#### [Task item]
Return only the lines running from the top of the entries to the line with "How to accentuate", inclusive, exactly as written.

(Data records)
========

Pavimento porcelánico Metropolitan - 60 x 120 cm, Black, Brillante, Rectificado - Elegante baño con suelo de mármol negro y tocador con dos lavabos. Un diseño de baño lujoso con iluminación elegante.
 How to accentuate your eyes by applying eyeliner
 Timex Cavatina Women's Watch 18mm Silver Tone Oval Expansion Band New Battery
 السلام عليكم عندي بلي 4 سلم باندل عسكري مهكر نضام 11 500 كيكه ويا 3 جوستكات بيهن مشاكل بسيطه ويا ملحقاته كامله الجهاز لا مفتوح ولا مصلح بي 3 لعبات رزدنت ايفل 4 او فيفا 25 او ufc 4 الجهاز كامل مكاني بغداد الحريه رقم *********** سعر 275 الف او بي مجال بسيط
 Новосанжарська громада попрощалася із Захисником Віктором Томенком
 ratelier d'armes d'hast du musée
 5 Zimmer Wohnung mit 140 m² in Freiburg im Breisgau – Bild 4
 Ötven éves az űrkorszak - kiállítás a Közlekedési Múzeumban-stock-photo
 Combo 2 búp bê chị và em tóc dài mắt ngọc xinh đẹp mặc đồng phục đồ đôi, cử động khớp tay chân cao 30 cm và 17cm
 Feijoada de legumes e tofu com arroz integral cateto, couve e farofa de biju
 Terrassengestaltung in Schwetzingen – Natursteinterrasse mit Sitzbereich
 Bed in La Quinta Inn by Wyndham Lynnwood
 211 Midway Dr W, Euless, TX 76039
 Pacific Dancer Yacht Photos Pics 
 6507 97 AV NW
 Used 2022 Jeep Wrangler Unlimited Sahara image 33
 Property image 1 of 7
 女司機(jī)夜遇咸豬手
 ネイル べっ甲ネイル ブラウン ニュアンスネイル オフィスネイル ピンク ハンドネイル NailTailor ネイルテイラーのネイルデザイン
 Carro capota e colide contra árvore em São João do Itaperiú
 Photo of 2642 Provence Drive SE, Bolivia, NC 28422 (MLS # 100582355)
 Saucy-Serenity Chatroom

========

#### [Response to this task]
Pavimento porcelánico Metropolitan - 60 x 120 cm, Black, Brillante, Rectificado - Elegante baño con suelo de mármol negro y tocador con dos lavabos. Un diseño de baño lujoso con iluminación elegante.
 How to accentuate your eyes by applying eyeliner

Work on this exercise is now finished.